* Records provided
+ + +
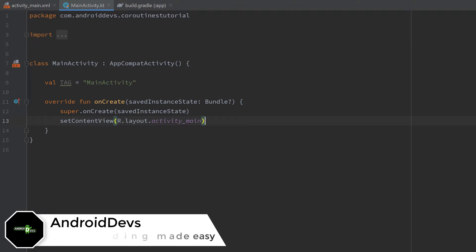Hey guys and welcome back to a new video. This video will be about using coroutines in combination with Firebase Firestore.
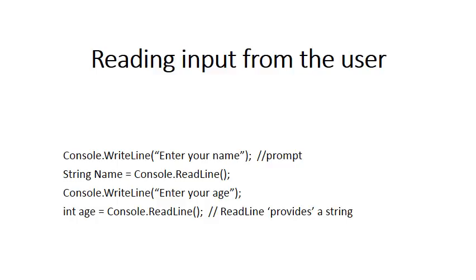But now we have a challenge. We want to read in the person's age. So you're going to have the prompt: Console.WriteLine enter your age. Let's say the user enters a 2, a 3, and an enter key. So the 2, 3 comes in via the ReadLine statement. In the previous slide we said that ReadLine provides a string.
+ + +
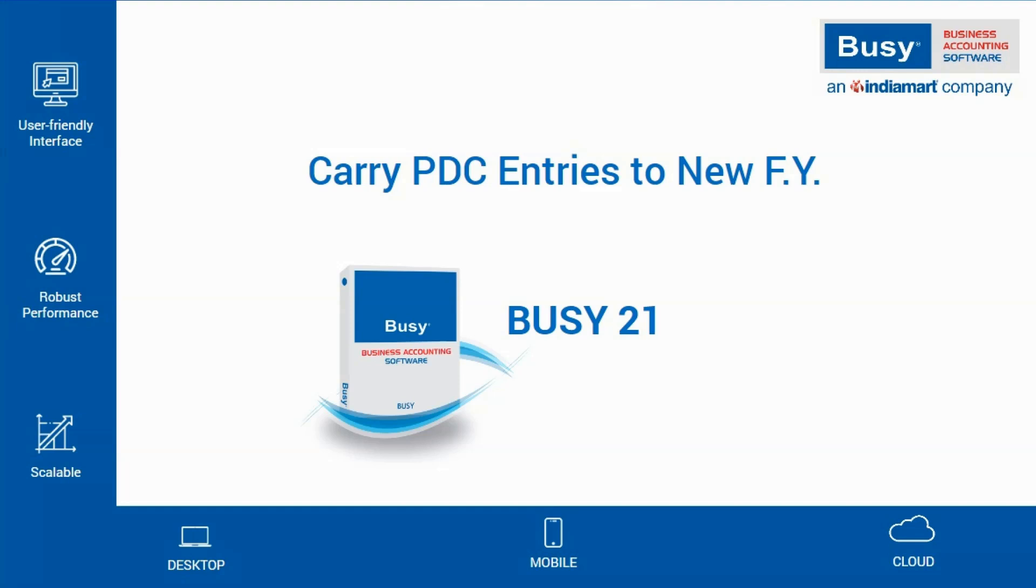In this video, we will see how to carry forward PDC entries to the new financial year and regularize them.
+ + +
* The task
Your copy should hold only the lines above from the one containing "Hey guys and" through the one containing "But now we have", exactly as written and free of pictures.

* Output
Hey guys and welcome back to a new video. This video will be about using coroutines in combination with Firebase Firestore.
But now we have a challenge. We want to read in the person's age. So you're going to have the prompt: Console.WriteLine enter your age. Let's say the user enters a 2, a 3, and an enter key. So the 2, 3 comes in via the ReadLine statement. In the previous slide we said that ReadLine provides a string.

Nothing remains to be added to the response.